Did girl trouble not only ruin the Los Angeles Lakers chances for a championship threepeat, but also the National Basketball Association's broadcast partner's chances of scoring record ratings growth?

Even if widely circulating rumors about a feud between Lakers stars Kobe Bryant and Pau Gasol are true, the latter hypothesis might be stretch.

But tying the Lakers' far run into the NBA playoffs the last three springs to surging pro-hoops ratings for TNT, ESPN and ABC isn't nearly so far-fetched.

Also read: NBA Playoffs: Viewers Up 32% to 4.2M for TNT's 1st Round Coverage

On Sunday, the defending league champions were emphatically swept out of the playoffs by the Dallas Mavericks, ending a string of three straight Lakers appearances in the Western Conference Finals and the NBA Finals.

And it was the Lakers re-emergence as a league power in 2008 that coincided — directly, most broadcast executives will tell you — with ratings renewal for the NBA, which had seen its TV numbers bottom out the previous spring. That 2006-07 season culminated in the mid-market San Antonio Spurs beating the Rust Belt-centered Cleveland Cavaliers for the league title.

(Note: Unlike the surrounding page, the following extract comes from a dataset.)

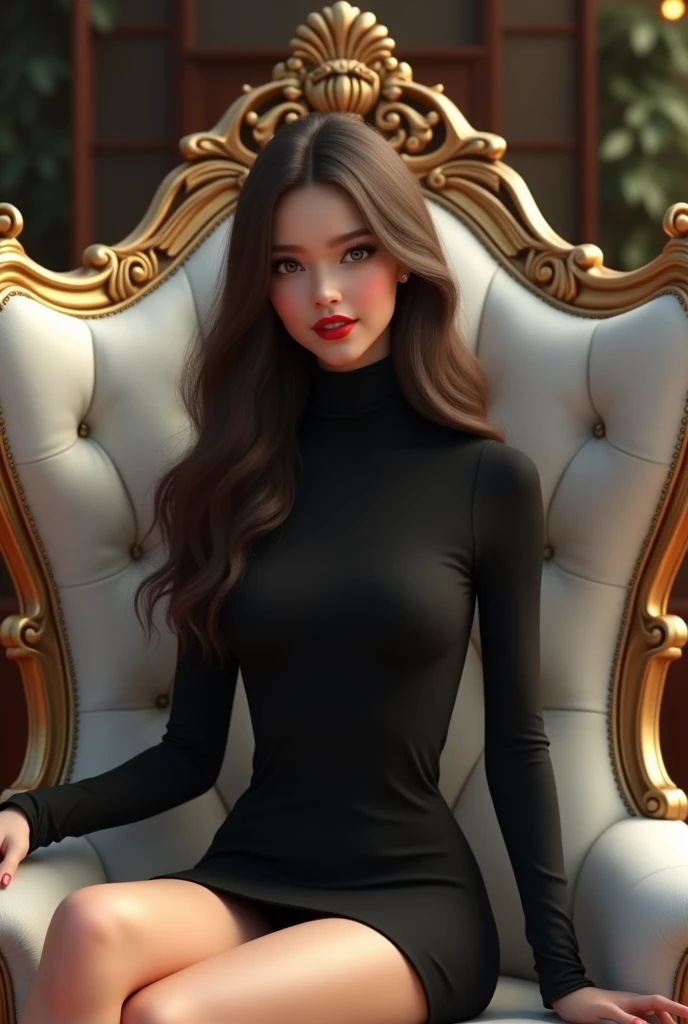 Pretty 25 yrs old girl with long hair wearing black turtle neck dress and red lipstick sitting in the white royal chair putting the hand in armchair. 3D semi animated portrait full image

Game 4 of that Spurs sweep produced only a 6.5 rating/12 share total audience rating, representing only about a third of the viewers who had turned out a decade earlier to watch the Michael Jordan-led Chicago Bulls take out the Utah Jazz for the 1996-97 NBA title.

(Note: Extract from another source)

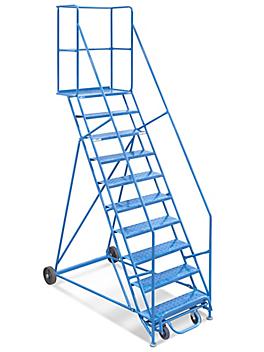 10 Step Rolling Safety Ladder with 15" Top Step H-1940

But then, in 2008, the Lakers — a perennial ratings draw even in down market for televized basketball — secured Spanish star Pau Gasol in what many considered a trade coup. The Lakers went through all four rounds of playoffs, ultimately succumbing to their ancient rivals, the Boston Celtics, but the ratings spike was on.

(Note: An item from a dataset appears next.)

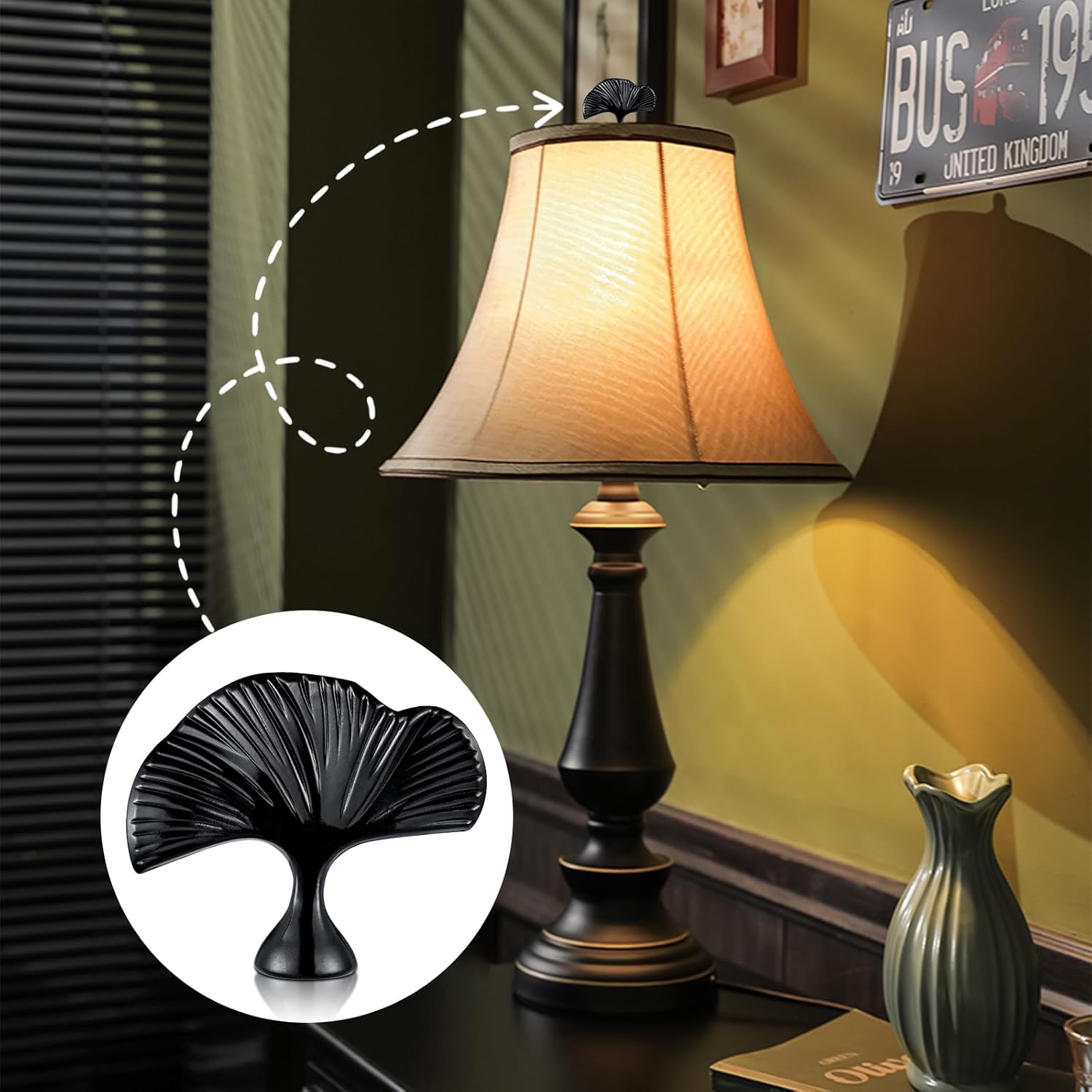 Vintage Lamp Finial Cap Knob,Leaf Shaped Metal Finial for Lamp Shade Top,Dual-Thread Top Screw,Retro Lamp Top Decorations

Ratings for that Finals round increased a whopping 50 percent from the previous year — great news for TNT owner Turner Networks and ABC/ESPN parent company Disney, which jointly shell out about $930 million a season for domestic broadcast and digital rights to the league.

The NBA's TV ratings kept picking up steam through Sunday, with TNT's coverage through 29 playoff games up, on average, by 26 percent over 2010.

Not surprisingly, the league and its broadcasters are reluctant to publicly admit they're dismayed that the Lakers are out of the playoffs.

Remarking on last year's surging playoff ratings, a Turner official said it was the competitiveness of the series — and not as much the teams involved — that drive the TV numbers the most.

“The longer these series go, the more momentum and audience they gain,” the executive said.

Privately, network officials are not happy with the possibility of, say, the Atlanta Hawks squaring off against the Memphis Grizzlies in the Finals.

In terms of big draws, all is not lost for the league, which could see the star-laden Miami Heat — home of LeBron James — face off against the Chicago Bulls in the Eastern Conference Finals.

But whether the networks can continue their winning streak without the Lakers in the starting lineup is very much in question.